Zu den Moskauer Prozessen 1936/38

„Koba, wozu brauchst Du meinen Tod?“

Von Robert Steigerwald

In der Zeit der sogenannten „Moskauer Prozesse“ der Jahre 1936 bis 1938 wurden Zehntausende führende Funktionäre des Sowjetstaates als Staatsfeinde angeklagt, schuldig gesprochen und hingerichtet. Unter ihnen Nikolai Bucharin, am 13. März 1938 zum Tode verurteilt und erschossen. Mit den die kommunistische Bewegung bis heute belastenden Erscheinungen des „Großen Terrors“ setzte sich Robert Steigerwald in einem Beitrag für die „Marxistischen Blätter“ 5/2007 auseinander, den wir hier – stark gekürzt – wiedergeben.

Der Antikommunismus wird in den Monaten, da sich die Moskauer Prozesse von 1936 bis 1938 jähren, äußerlich das Geschehene verurteilend, innerlich jedoch die Ermordung so vieler gestandener Revolutionäre genießen. Manche Kommunisten/Sozialisten beiderlei Geschlechts sind wütend, wenn auch wir auf diese Prozesse zu sprechen kommen und meinen, das sei Defätismus (politische und ideologische Entwaffnung der eigenen Reihen). Mit diesem Vorwurf begehen sie gleich eine ganze Reihe von Fehlern.

1. Defätismus? Man soll Ursache und Wirkung nicht verwechseln.
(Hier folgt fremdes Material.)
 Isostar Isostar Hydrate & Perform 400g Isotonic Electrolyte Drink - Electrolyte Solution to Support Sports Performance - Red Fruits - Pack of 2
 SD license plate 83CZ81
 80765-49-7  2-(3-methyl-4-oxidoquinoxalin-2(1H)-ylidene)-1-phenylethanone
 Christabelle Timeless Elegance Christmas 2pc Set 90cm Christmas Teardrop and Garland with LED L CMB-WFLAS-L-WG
Die ideologische und politische Entwaffnung unserer Reihen findet nicht dadurch statt, dass wir uns mit wirklichem Geschehen auseinandersetzen. Der Vorwurf wäre aber berechtigt, wenn diese nötige Auseinandersetzung in antikommunistischer Manier stattfände. Natürlich wird der Gegner mit einem Riesenschwall von Lügen arbeiten. Das ist so seit Jahr und Tag und wird auch in der Zukunft so bleiben.

2. Die Tuchatschewski-Affäre (dazu später) hat die Rote Armee beim Überfall Nazideutschlands zu furchtbaren Opfern, das Land fast an den Rand des Zusammenbruchs geführt: Das war de facto Defätismus!
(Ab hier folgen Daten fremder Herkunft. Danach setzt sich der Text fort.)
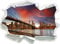Stil.Zeit Brooklyn Bridge Park New York, Papier 3D-Wandsticker Format: 92x67 cm Wanddekoration 3D-Wandaufkleber Wandtattoo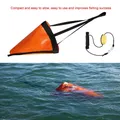 Corde de Traction en PVC pour Kayak ancre de dérive bateau à rames Kit de boule flottante Marine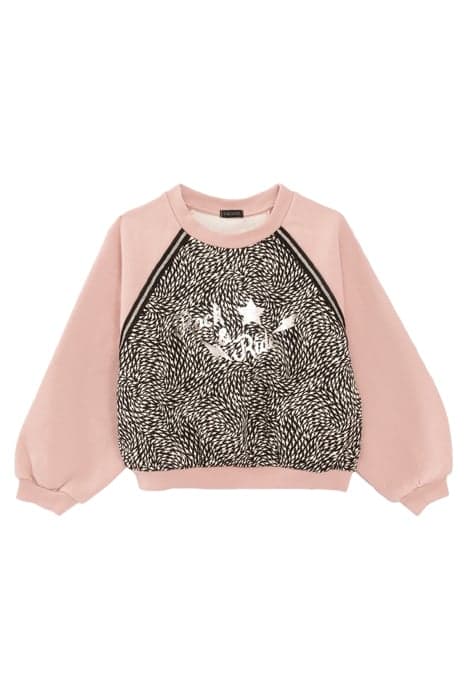 GIRLS’ PINK GRAPHIC PRINT SWEATSHIRT by IKKS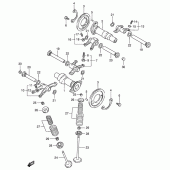 Схема вузла: Розподільний вал & Клапан для Suzuki VS800 Intruder 800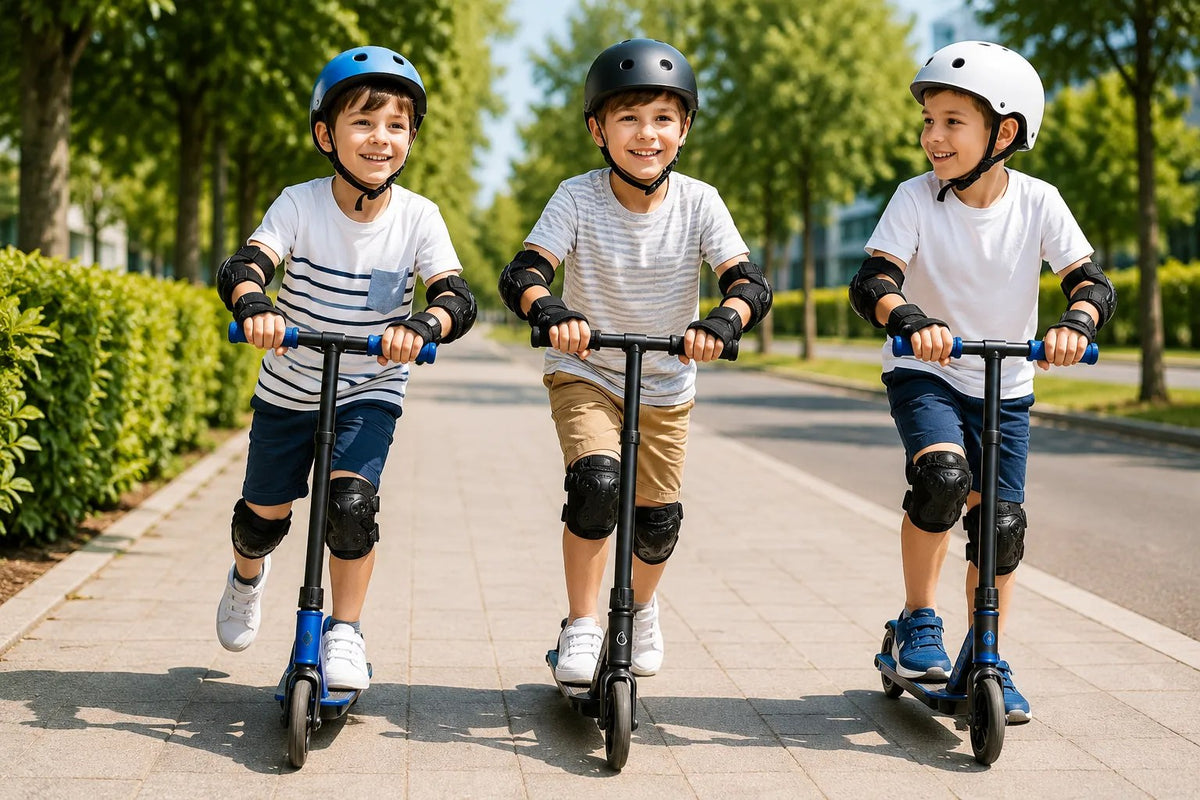 Kunert Kids protective gear set Kely 2, 6-piece: knee, elbow and wrist guards – black - photo 10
3. Wer in solchen Fällen schweigt, gibt zu erkennen, dass er ein schlechtes Gewissen hat. Übrigens: das müssen wir auch haben. Und gerade deshalb müssen wir uns zum Thema äußern.
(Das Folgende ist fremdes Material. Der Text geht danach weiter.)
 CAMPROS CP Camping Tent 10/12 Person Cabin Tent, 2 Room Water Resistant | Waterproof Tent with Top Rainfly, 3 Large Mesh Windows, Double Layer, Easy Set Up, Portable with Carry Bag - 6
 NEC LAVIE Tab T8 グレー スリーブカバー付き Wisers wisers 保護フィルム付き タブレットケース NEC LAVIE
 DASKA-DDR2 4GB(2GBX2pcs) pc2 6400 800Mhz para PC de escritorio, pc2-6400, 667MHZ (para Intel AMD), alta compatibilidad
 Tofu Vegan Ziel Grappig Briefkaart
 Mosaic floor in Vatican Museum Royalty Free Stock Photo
4. Das Problem, um das es geht, stellt eine riesige Hürde zwischen uns und jenen vor allem jungen Menschen dar, die wir für unsere Sache gewinnen wollen. Wenn wir sie ansprechen wollen, müssen wir uns dem Thema stellen, müssen klar sagen, was wir über das Geschehene wissen, ob wir dafür triftige Gründe oder Verbrechen sehen, ob wir uns darüber Gedanken machen, wie man solche Dinge in Zukunft vermeiden kann.Wenn uns das nicht gelingt, bleiben die Türen zu uns verschlossen, da können wir noch so viel Positives über den zunächst unterlegenen Sozialismus mitteilen. Außerdem haben diese Ereignisse tiefgreifend und langwierig gewirkt. Nicht nur in der Sowjetunion, sondern in der kommunistischen Weltbewegung als Ganzer. Wir spüren die Nachwirkungen doch noch heute.

Worum geht es?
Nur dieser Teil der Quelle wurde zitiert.